Fourth Generation Inclusive

Historical Documents of Genealogical Interest to Researchers of North Carolina's Free People of Color

Where are they now? No. 5.

B.J. was born in the mid-1970s in New York.  She is descended from:

(1) Robert Aldridge [1819-1899, Duplin/Wayne County] via Amelia Aldridge [1855-1895, Wayne County]

(2) Mary Eliza Balkcum [1829-1924, Duplin/Wayne County]

(3) Hannah Brewington [1775-1850, Sampson County] via Raiford Brewington [1812-1896, Sampson/Wayne County] via Joshua Brewington [1847-??, Sampson/Wayne County]

(4) Abraham Hardin [??-??, Sampson County] via Sion Hardin [??-??, Sampson County] via Zilpha Hardin [1794-1860, Sampson County]

(5) Ephraim Manuel [1730-??, Sampson County] via Nicholas Manuel [1752-1835, Sampson County] via Shadrach Manuel [1775-1870, Sampson County] via Bathsheba Manuel [1818-??, Sampson/Wayne County]

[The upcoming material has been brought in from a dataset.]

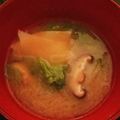薔薇とすみれと手まり's cooksnap of when they made ☆いつもの味噌汁に余った餃子の皮☆.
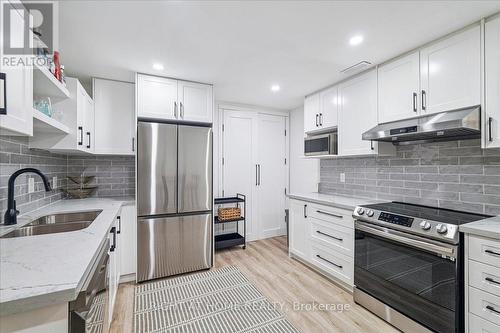 2090 Stonehouse Crescent, Mississauga, ON - Indoor Photo Showing Kitchen With Double Sink With Upgraded Kitchen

Children born to free mulatress.

These are names of slaves born to free mulatress ages of the children of Eliza Hall

William Henry Hall was born Feb the 11th 1844

Patrick Hall was born October the 6th 1845

Margaret Ann Hall was born Feb the 12th 1847

Louiser Hall was born April the 9th 1849

Balam Hall was born Feb 7th 1851

These entries (the first sentence in a different hand) were inscribed in the Bible of Lewis Ellis (1794-1854) of Wilson County.  Ellis’ good friend, James Bullock Woodard (1793-1863), was the father of Eliza Hall’s five children.  (Who were, of course, as free as their mother.)  The 1850 census of Edgecombe County lists Eliza Hall, age 26, with her children Wm. (6), Patrick (4), Martha [sic] (3), and “girl” (1).  In 1860, they are in Saratoga district, Wilson County.  The Bible remains in the Ellis family.  

Rachel’s remand.

State v. Rachel Freeman, 49 NC 5 (1856).

Rachel Freeman, a free colored woman and an indentured servant to Abraham Whitfield, was indicted for burning his dwelling-house in Cumberland County.  There was no direct evidence, but the lower court admitted circumstantial evidence, including the fact that Rachel had been a servant during two earlier arson attempts.  The Supreme Court noted that this evidence no more fingered Rachel than another servant and held that she was entitled to a trial with a new jury as she had been convicted on the basis of irrelevant testimony and circumstantial evidence.

Rachel Freeman appears in neither the 1850 nor 1860 censuses of North Carolina.